Posted on Wednesday, May 30, 2012 by Ai-Shan Lu

A weekly compilation of underreported events in Asia.

  • Former Taiwanese Premier Su Tseng-chang was elected chairman of the opposition-Democratic Progressive Party (DPP) on May 27 with a majority-50.47 percent of the vote by 163,808 registered members.

  • On May 25, American universities sponsoring Confucius Institutes, which are backed by the Chinese government, were given reassurances by the U.S. State Department that the legal status of the institutes was affirmed and that their Chinese faculty would not have to leave America by June 30.

  • South Korea reportedly urged China to comply with international law on the fair treatment of four South Korean detainees in China’s Liaoning Province who were human rights activists and accused by Beijing of assisting North Korean defectors.

  • The Japanese government reportedly disagreed with the estimation of radiation exposure in Japan released by the World Health Organization (WHO). According to an unnamed source in the Japanese government, "the WHO estimates deviate considerably from reality," which could result in anxiety among Japanese citizens.

  • Indian Bharatiya Janata Party (BJP) blamed the increase in petrol price on the Congress-led United Progressive Alliance (UPA) government. In addition, the second largest constituent of the Alliance, Trinamool Congress, is opposed to the increase in oil price as well.

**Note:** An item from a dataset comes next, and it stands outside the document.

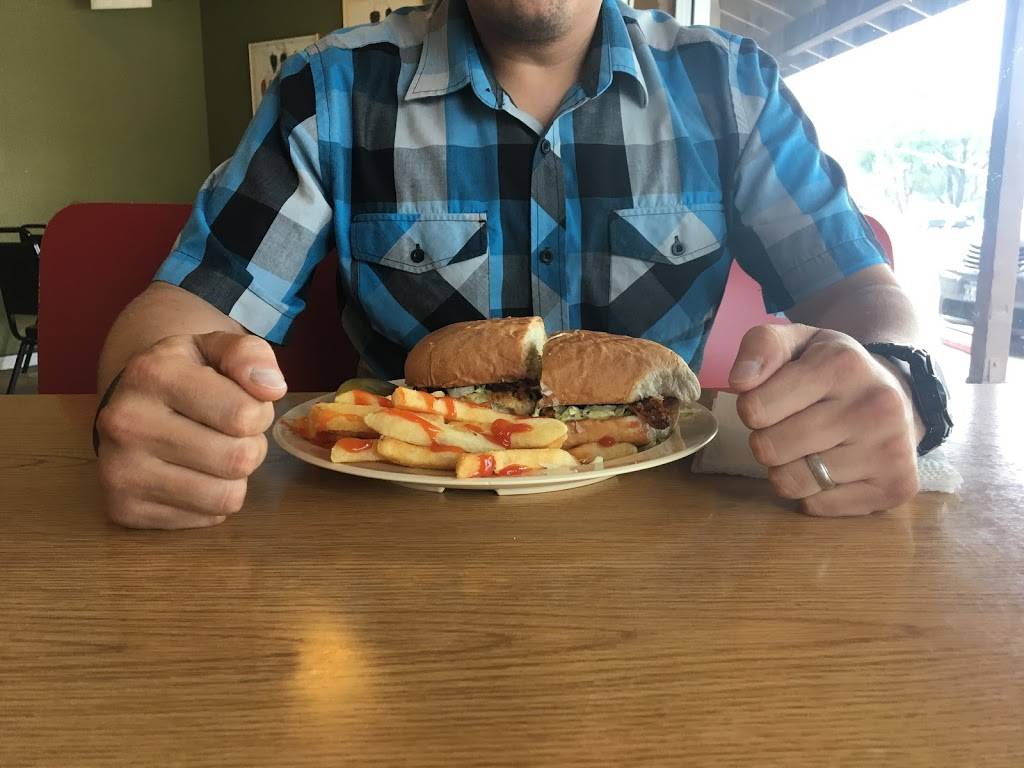 El Ramffles | restaurant | 2981 N Grand Ave #3, Nogales, AZ 85621, USA | 5207614452 OR +1 520-761-4452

  • A recent report on economic restructuring conducted by the Vietnamese National Assembly Economic Committee suggested a shift in the country’s emphasis from state-owned enterprises to the private sector in order to boost economic growth.

  • According to official-Xinhua News Agency, Chinese policymakers is dealing with the current slowdown in economic growth with caution. Beijing is prioritizing growth stability and introducing more structural boosting programs to strengthen the economy (e.g. structural tax reduction policies).
  • Under The Radar News 05.21.12

    Posted on Tuesday, May 22, 2012 by Ai-Shan Lu

    A weekly compilation of underreported events in Asia.

  • On May 16, China and Japan held high-level maritime talks in Hangzhou, Zhejiang province to discuss maritime issues (i.e., Diaoyu Islands, which is also known as Senkaku Islands in Japanese). The second round of maritime consultations will reportedly be held in Japan in the second half of this year.


  • South Korea is reportedly resuming free trade negotiations with Japan. According to an unnamed source from the South Korean Trade Ministry, “Japan will seek to sign a free trade deal with China,” if the Japan-South Korea free trade talks are not restarted.


  • On May 15, during a speech at the ceremony marking the 40th anniversary of the return of Okinawa to Japan from U.S. rule, Japanese Prime Minister Yoshihiko Noda pledged to gradually shift U.S. Marines' Futenma Air Station from Ginowan city in the Okinawa prefecture.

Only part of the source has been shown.